Lymphatic filariasis is an important public health and socio-economic problem affecting over 120 million people worldwide. Although there have been some significant successes in the control of the disease, in most endemic countries the burden of lymphatic filariasis remains unaffected, or is even on the increase. However, the introduction in recent years of new drugs and single-dose treatment regimens with diethylcarbamazine (DEC) and/or ivermectin has been an important breakthrough for filariasis control. In 1997 the World Health Assembly passed a resolution calling for ‘.....the elimination of lymphatic filariasis as a public health problem...”. The global control strategy for lymphatic filariasis has been redefined, and the principal strategy is now based on annual, single-dose treatment of all eligible members of endemic communities.

The principal challenge for filariasis elimination is to deliver treatment to the populations of endemic communities, and to sustain annual delivery and a high treatment coverage for a sufficiently long period to bring about the elimination of the disease. In most endemic countries in Africa, sustained drug delivery to all affected communities is difficult to achieve by the health services alone, either because they are overburdened with other responsibilities and short of resources, or because of lack of active participation of the population with the official treatment programme. Recent research on drug delivery for another disease, onchocerciasis, indicates that greater involvement of the endemic communities in the delivery process may be a solution.

TDR has developed the concept of community-directed treatment, in which the community itself has the responsibility for the organisation and execution of the treatment of its members. A large, multi-country study has shown that community-directed treatment is feasible and effective in onchocerciasis control, and it is now the basis for the control strategy of the African Programme for Onchocerciasis Control and the Onchocerciasis Control Programme in West Africa.

A meeting held at the World Health Organization in Geneva concluded that Community-Directed Treatment also appears to be a promising strategy for the delivery of single-dose treatment in the control of lymphatic filariasis. However, the meeting noted several important differences between onchocerciasis and lymphatic filariasis control that require further operational research on drug delivery in lymphatic filariasis.
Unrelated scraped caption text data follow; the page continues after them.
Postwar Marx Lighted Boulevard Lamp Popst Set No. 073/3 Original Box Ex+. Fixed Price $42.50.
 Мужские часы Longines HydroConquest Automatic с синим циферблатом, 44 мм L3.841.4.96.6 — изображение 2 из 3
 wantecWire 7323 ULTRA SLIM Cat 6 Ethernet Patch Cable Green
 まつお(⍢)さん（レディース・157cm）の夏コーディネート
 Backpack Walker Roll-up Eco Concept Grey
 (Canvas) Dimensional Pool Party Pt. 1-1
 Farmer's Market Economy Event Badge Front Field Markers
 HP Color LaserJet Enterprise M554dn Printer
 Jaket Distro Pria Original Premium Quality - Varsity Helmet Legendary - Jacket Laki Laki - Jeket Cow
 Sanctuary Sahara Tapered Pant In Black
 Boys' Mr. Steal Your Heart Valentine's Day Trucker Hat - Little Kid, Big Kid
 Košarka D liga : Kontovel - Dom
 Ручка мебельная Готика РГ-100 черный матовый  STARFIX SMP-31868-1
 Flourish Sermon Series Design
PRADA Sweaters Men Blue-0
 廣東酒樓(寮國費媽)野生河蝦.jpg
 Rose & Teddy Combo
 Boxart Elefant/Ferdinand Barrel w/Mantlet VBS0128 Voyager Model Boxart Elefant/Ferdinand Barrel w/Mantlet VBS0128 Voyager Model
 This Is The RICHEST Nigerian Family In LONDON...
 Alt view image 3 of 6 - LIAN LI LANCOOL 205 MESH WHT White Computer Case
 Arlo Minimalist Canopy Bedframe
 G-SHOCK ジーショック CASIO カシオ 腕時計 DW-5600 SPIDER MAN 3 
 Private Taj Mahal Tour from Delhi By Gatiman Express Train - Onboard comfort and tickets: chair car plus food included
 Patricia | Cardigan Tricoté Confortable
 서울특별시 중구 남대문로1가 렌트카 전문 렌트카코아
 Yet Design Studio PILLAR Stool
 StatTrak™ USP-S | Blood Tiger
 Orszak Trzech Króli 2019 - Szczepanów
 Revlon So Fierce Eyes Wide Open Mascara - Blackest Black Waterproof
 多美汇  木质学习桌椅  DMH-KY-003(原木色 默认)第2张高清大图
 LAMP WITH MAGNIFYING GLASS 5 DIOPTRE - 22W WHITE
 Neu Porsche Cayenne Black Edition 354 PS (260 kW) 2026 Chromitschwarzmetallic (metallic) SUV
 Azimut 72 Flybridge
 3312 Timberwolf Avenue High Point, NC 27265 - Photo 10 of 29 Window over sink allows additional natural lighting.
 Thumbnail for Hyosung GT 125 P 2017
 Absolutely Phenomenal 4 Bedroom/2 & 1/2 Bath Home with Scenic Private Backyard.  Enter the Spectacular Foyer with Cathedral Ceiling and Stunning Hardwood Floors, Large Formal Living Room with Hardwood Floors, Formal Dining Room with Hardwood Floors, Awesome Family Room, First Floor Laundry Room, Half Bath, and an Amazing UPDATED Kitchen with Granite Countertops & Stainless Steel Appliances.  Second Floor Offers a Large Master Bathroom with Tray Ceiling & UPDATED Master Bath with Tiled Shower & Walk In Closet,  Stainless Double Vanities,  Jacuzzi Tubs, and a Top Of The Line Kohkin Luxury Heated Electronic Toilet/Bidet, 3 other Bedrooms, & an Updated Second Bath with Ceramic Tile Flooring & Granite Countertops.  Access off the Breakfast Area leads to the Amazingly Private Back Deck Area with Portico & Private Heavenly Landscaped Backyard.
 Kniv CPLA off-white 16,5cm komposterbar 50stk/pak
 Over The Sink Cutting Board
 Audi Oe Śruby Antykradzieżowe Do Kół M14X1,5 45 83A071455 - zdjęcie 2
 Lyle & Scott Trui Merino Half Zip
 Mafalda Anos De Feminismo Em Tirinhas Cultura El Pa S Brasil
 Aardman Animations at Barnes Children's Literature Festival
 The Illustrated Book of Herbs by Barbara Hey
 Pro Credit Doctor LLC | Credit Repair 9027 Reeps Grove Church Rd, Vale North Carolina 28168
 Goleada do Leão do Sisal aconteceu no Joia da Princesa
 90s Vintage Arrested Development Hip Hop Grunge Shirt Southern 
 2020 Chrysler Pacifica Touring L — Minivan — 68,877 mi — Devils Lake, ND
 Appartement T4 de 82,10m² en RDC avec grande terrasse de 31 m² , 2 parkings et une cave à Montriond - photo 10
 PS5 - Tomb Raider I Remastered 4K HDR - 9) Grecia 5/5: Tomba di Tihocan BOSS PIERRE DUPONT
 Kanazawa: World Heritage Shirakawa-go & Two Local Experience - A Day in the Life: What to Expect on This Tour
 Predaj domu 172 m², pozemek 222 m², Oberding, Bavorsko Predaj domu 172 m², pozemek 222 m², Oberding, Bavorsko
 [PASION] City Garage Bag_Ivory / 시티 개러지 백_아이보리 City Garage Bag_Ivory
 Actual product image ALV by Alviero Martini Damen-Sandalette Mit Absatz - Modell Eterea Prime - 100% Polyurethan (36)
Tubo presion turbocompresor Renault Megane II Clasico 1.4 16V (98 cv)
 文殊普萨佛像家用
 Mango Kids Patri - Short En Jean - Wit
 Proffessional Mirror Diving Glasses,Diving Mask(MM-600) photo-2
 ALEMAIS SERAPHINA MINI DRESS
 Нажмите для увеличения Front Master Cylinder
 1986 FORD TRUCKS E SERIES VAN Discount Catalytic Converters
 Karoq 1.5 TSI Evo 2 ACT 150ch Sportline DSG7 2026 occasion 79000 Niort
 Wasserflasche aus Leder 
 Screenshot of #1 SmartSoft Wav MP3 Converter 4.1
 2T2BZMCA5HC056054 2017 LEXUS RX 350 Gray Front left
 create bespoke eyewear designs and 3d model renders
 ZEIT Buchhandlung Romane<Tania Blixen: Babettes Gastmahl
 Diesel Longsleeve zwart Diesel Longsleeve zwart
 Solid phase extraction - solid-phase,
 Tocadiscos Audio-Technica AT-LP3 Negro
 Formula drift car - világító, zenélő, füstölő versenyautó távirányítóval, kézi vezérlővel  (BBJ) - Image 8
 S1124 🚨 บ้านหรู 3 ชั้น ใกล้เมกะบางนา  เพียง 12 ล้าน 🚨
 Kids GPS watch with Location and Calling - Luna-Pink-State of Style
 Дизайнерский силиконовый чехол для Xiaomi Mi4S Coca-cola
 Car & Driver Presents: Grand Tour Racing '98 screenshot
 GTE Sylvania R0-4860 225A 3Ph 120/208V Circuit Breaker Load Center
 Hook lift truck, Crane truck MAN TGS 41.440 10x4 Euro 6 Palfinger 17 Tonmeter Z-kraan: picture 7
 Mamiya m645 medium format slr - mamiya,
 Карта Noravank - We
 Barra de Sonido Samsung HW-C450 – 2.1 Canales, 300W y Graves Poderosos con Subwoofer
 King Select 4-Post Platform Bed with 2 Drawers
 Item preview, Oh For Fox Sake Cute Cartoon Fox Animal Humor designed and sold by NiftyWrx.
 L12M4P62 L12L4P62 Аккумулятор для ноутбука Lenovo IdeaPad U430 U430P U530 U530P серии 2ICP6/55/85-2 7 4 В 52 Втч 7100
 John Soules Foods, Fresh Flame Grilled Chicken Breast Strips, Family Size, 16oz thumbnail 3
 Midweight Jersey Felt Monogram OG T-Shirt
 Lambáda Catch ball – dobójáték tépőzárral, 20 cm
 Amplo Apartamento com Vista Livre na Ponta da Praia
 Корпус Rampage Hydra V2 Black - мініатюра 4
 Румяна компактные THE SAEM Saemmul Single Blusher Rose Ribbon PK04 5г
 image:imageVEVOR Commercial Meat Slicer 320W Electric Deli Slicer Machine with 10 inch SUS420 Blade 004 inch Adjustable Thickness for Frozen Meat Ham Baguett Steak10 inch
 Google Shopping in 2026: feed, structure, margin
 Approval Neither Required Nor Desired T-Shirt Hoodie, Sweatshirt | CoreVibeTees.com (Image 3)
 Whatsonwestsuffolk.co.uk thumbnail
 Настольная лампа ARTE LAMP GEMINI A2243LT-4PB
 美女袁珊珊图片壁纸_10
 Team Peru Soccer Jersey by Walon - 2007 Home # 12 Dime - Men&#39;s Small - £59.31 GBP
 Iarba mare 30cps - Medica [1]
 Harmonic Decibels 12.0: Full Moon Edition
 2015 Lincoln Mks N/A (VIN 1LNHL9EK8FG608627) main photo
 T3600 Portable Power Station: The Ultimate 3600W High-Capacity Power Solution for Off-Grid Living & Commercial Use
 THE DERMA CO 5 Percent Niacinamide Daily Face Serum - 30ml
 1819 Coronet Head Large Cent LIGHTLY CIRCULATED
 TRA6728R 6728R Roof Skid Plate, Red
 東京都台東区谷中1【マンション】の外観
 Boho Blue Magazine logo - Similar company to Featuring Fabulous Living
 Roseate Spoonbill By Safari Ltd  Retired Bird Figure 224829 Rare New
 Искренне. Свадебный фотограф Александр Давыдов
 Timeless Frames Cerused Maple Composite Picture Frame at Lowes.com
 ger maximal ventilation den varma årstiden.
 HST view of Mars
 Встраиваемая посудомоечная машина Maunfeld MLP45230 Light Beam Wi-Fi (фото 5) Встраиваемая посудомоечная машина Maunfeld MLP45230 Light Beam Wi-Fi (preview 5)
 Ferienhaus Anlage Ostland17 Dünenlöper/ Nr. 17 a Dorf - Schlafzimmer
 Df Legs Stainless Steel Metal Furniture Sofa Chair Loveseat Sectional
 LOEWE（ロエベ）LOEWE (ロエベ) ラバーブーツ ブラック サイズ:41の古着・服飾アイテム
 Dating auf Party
Community-Directed Treatment methods should also be compared with health service based delivery, especially in countries with a highly developed health care system, and hybrids combining the two approaches should be developed and tested.

The TDR Task Force on Community-Directed Treatment of lymphatic filariasis and onchocerciasis selected several multi-disciplinary teams to participate in a multi-country study. The aim was to develop effective and sustainable large-scale treatment methods for lymphatic filariasis that are directed by the endemic communities themselves, and initiated and supported by the health services or other partners. The countries involved were Ghana, India, Kenya, Myanmar and Vietnam. This report presents the results for the two African sites.